The Ornamental Breeding Program at the University of New Hampshire (UNH) was initiated in 1998, aiming to develop new or improved vegetatively propagated cultivars. Initially, breeding focused on Anagallis monelli (Pimpernel). At the time, only one blue and one orange cultivar (`Skylover Blue' and `Sunrise') were grown commercially. Main breeding goals were to develop plants with more compact habit and earlier flowering in the spring. In 2002, the first two UNH cultivars were released as Proven Selections™: Anagallis`Wildcat Blue' and `Wildcat Orange'. We have also developed breeding lines with new pink, violet, lilac, and white flower colors that are currently in industry trials. Studies on genetics, biochemistry, and anatomy of flower color in A. monelli have been performed and molecular studies are in progress. Breeding of Nolana and Browallia started in 2000 and UNH lines are currently in industry trials. Nolana is comprised of over 80 species native to desert areas of Peru and Chile. Only two cultivars, N. paradoxa`Bluebird' and `Snowbird', and interspecific hybrid `Blue Eyes' are currently commercially available. We now have several Nolana species at UNH representing a wide germplasm base. Based on ornamental potential, some species have been selected for breeding, aiming to develop sterile interspecific hybrids. Studies to break seed dormancy to optimize germination rates are in progress, as well as research on floral development, which is being conducted in collaboration with Peruvian researchers.
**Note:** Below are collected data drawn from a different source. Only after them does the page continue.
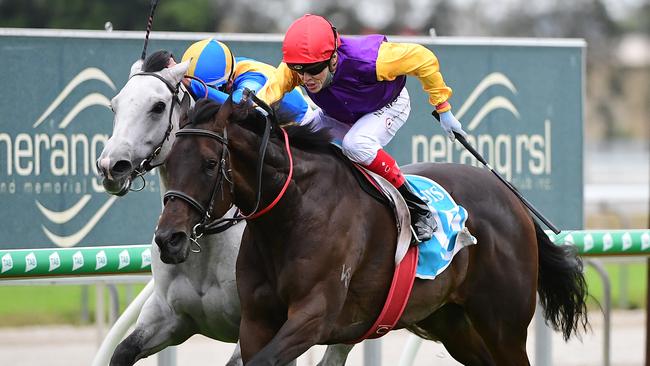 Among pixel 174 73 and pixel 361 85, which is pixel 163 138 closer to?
pixel 174 73

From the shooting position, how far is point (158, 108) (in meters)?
4.45

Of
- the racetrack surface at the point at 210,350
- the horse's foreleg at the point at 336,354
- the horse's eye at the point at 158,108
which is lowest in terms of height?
the horse's foreleg at the point at 336,354

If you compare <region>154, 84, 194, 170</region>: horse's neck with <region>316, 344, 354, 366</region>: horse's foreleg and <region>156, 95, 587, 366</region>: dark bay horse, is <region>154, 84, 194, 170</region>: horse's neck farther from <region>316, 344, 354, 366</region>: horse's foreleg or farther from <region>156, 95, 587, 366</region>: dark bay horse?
<region>316, 344, 354, 366</region>: horse's foreleg

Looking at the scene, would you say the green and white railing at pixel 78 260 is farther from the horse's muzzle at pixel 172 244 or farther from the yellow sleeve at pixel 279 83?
the horse's muzzle at pixel 172 244

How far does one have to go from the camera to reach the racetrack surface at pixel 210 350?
7961mm

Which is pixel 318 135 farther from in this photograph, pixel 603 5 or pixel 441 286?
pixel 603 5

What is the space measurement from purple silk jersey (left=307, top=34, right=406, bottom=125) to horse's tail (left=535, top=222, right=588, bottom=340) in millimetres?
1066

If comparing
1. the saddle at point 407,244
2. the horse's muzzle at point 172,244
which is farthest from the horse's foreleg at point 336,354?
the horse's muzzle at point 172,244

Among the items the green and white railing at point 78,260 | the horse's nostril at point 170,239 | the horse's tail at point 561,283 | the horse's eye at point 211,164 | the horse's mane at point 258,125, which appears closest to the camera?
the horse's nostril at point 170,239

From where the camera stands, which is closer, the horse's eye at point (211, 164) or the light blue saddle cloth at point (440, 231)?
the horse's eye at point (211, 164)

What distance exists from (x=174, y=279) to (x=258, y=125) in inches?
30.7

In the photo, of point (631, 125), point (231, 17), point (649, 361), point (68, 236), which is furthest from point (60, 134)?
point (631, 125)

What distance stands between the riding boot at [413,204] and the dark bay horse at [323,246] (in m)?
0.13

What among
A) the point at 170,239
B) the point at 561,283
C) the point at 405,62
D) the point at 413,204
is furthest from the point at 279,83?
the point at 561,283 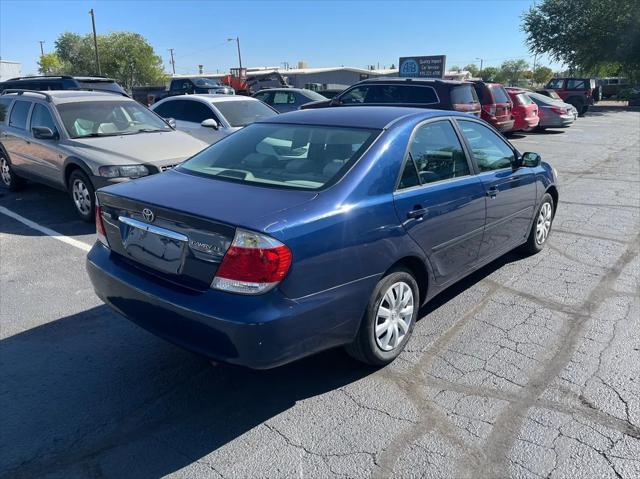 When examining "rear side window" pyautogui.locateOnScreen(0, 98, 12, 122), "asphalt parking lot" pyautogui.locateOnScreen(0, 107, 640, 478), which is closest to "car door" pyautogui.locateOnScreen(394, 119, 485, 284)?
"asphalt parking lot" pyautogui.locateOnScreen(0, 107, 640, 478)

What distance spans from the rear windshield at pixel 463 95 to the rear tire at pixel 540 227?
6.17 metres

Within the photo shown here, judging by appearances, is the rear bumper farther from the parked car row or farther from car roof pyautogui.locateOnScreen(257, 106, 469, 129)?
car roof pyautogui.locateOnScreen(257, 106, 469, 129)

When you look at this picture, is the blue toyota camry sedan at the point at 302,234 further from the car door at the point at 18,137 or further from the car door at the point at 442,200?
the car door at the point at 18,137

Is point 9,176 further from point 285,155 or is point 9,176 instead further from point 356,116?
point 356,116

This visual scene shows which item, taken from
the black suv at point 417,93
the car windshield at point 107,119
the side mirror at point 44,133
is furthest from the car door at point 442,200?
the black suv at point 417,93

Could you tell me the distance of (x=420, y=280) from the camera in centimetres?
373

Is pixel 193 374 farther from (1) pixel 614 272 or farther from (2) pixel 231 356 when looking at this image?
(1) pixel 614 272

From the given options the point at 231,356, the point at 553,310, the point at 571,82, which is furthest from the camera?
the point at 571,82

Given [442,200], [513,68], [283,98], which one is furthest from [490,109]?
[513,68]

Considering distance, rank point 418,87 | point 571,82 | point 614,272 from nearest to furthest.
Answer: point 614,272 < point 418,87 < point 571,82

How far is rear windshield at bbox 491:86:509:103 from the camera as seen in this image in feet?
50.1

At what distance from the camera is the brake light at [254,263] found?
8.68 ft

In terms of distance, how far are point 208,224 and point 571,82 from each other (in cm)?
3181

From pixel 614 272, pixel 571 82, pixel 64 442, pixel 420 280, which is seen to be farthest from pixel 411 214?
pixel 571 82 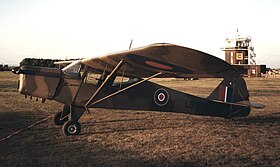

Interspecific hybridizations have been used in Browallia to develop breeding lines with new or improved traits than those available from seed cultivars.
Amy Douglas and Rosanna Freyre
Nolana is a diverse genus native to coastal deserts of Peru and Chile, with great potential for developing new ornamental cultivars. Low germination has been an obstacle to breeding efforts at the University of New Hampshire (UNH). Nolana fruits are comprised of unusual sclerified mericarps, each containing one or more embryos. Germination occurs with opening of funicular plugs on the mericarps. Under normal greenhouse conditions at UNH, germination success in eight Nolana species (N. adansonii, N. aticoana, N. humifusa, N. laxa, N. ivaniana, N. plicata, N. elegans, and N. rupicola) ranged from 0 to 0.05 seedlings/mericarp. We analyzed mericarp morphology, imbibition, and the effect of chemical and environmental germination treatments. SEM showed that soaking treatments create physical changes in mericarp morphology, exposing tracheid tubes in the funicular plugs. Mericarps were soaked in dye to track imbibition, confirming that this occurs through the tracheid tubes, and that additional scarification is not required. The following chemical treatments were unsuccessful in increasing germination: 0.1 N HNO3, 0.2 KNO3, conc. H2SO4, 10 mM or 1 μM ethephon. Gibberellic acid (1000 ppm) effectively increased germination in some species (up to 0.47 seedlings/mericarp). Mericarps stored dry for 2 years had significantly higher germination than fresh mericarps (0.55 seedlings/mericarp). Mericarps of N. aticoana were subjected to after-ripening treatments. Mericarps stored for 7 weeks at 35 °C and 75% RH showed significantly higher germination (0.36 seedlings/mericarp) than mericarps stored dry, or stored moist for 1-6 or 8-12 weeks. Our findings facilitate development of larger hybrid populations, thus increasing the efficiency of Nolana breeding programs.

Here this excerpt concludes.